ABOUT THIS TASK = The expected output is each line from the one containing "thumbnail image 6" to the last line of the data below, set down exactly, minus the pictures.

SOURCE MATERIAL =
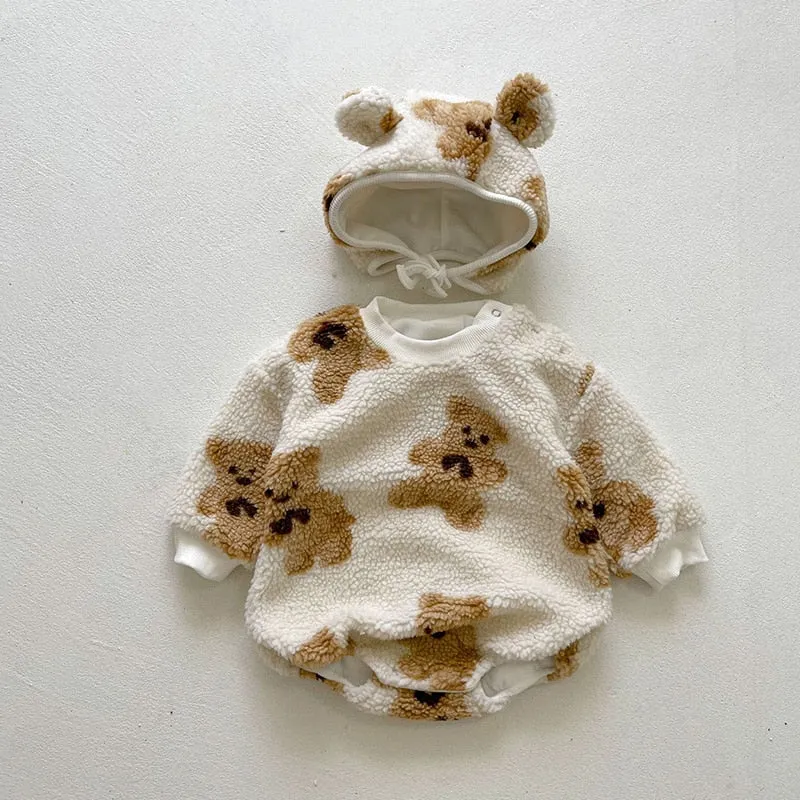 Teddy Bear Essentials - Warm and Furry Jumpsuit for Little Ones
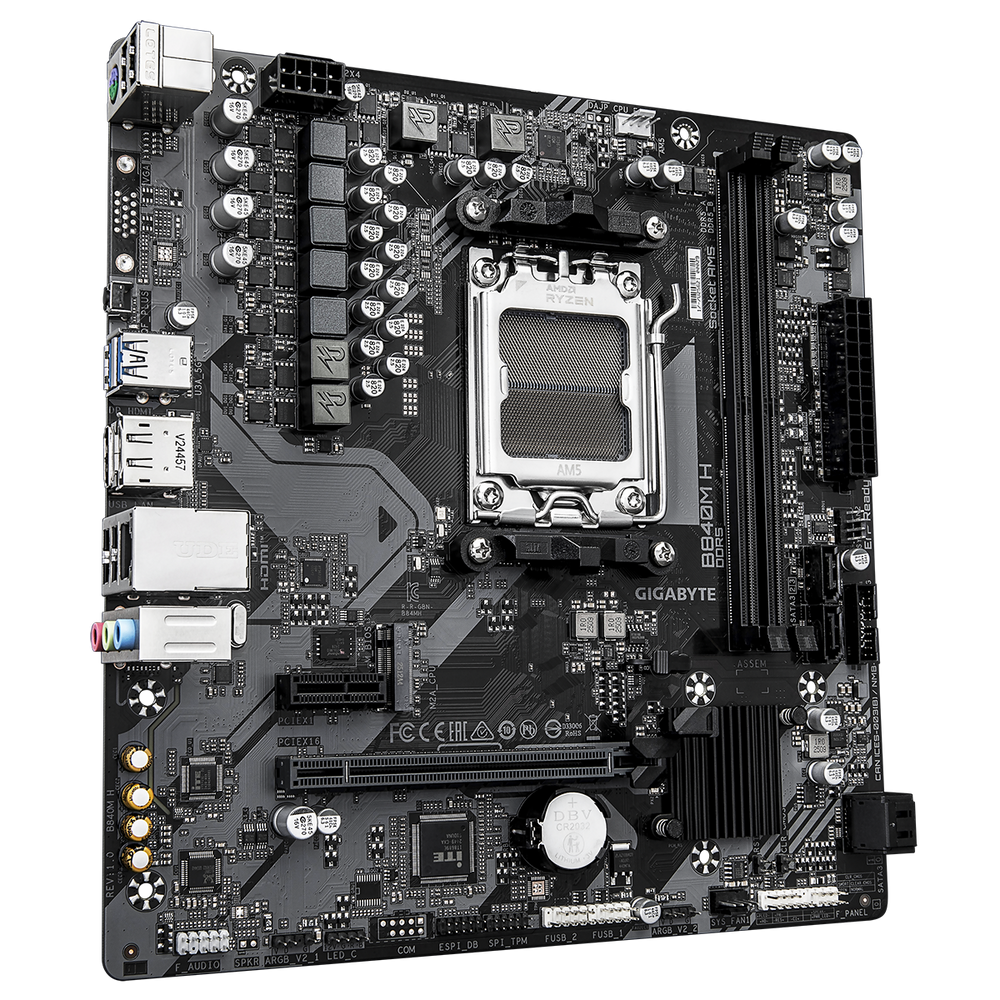 Материнская плата Gigabyte B840M H, RTL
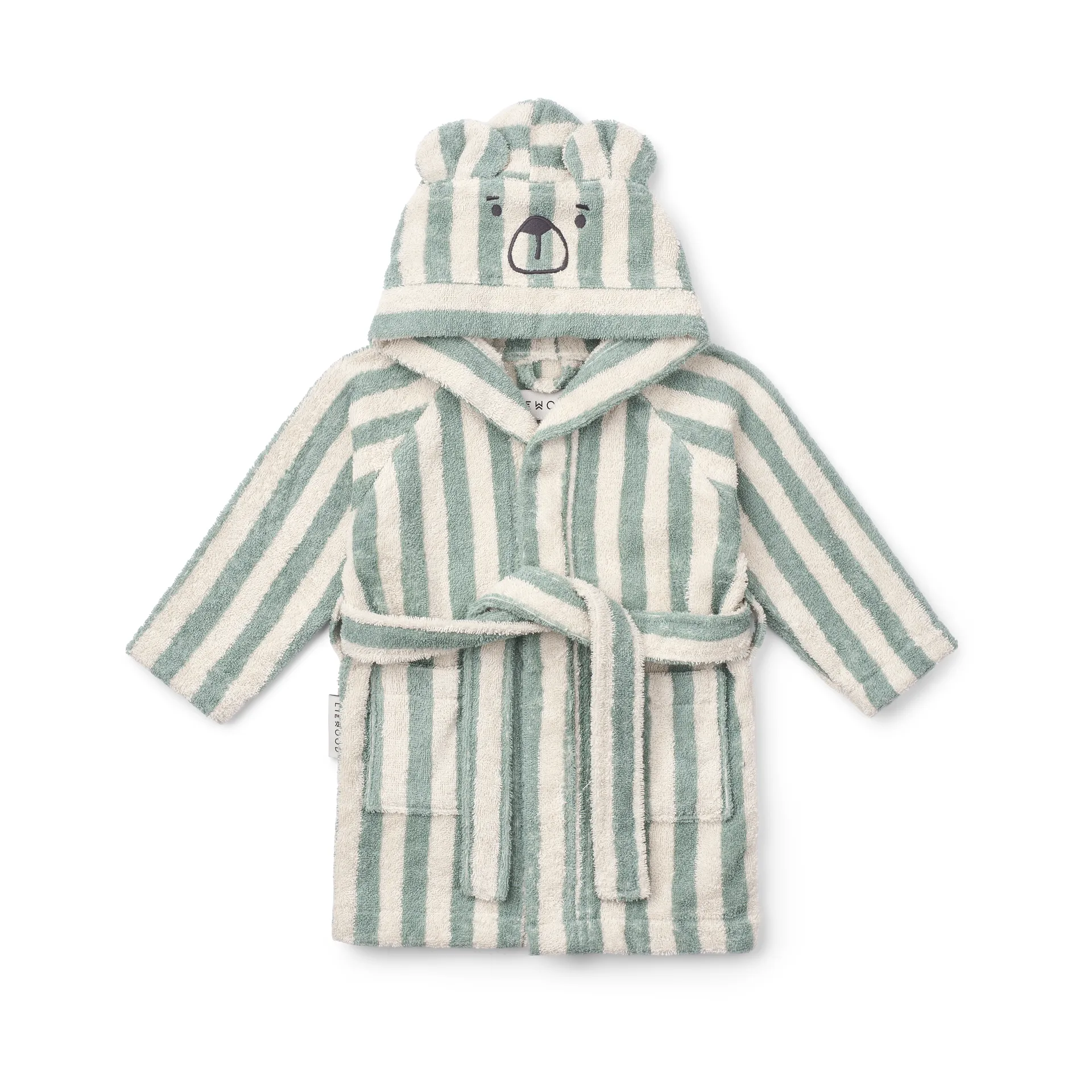 Lily badekåpe peppermint creme de la creme stripe, 7–8 år Liewood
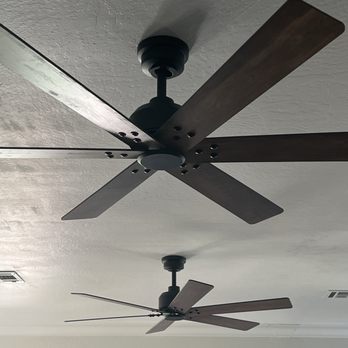 Slade Electric - Slade Electric installed two ceiling fans in our living room. - Electricians Near Me - Turlock, California Slade Electric - Slade Electric installed two ceiling fans in our living room. - Electricians Near Me - Turlock, California
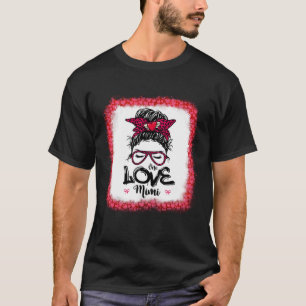 Camiseta Messy Bun One Amava Mãe Mamãe Mulheres Valenti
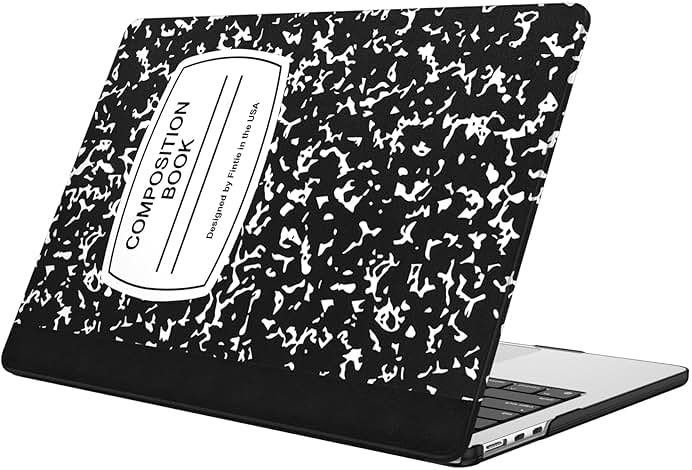 Fintie Case for MacBook Air 13.6 Inch A3449 A3240 A3113 A2681 (2022 2023 2024 2025 2026 Release) - Protective Snap On Hard Shell Cover for MacBook Air 13 Inch M2 M3 M4 M5 Chip (Composition Book) - Product Image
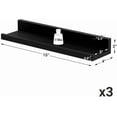thumbnail image 6 of Wall Shelves Set of 3, Wooden Floating Shelves 15-Inch Long, Black, 6 of 8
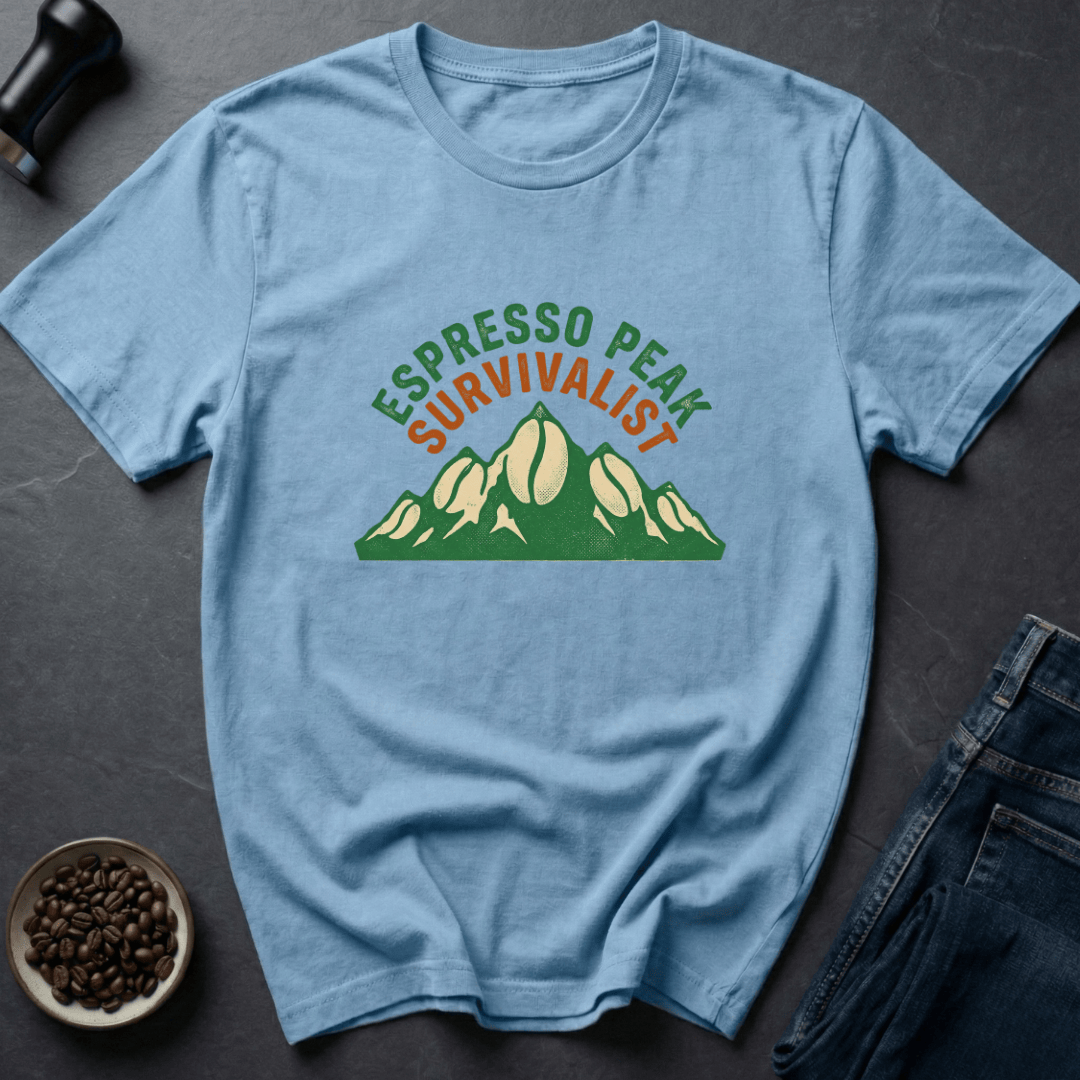 Coffee graphic Espresso Peak T-Shirt in Black / S by Caffeine Dept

EXERCISE SOLUTION =
thumbnail image 6 of Wall Shelves Set of 3, Wooden Floating Shelves 15-Inch Long, Black, 6 of 8
 Coffee graphic Espresso Peak T-Shirt in Black / S by Caffeine Dept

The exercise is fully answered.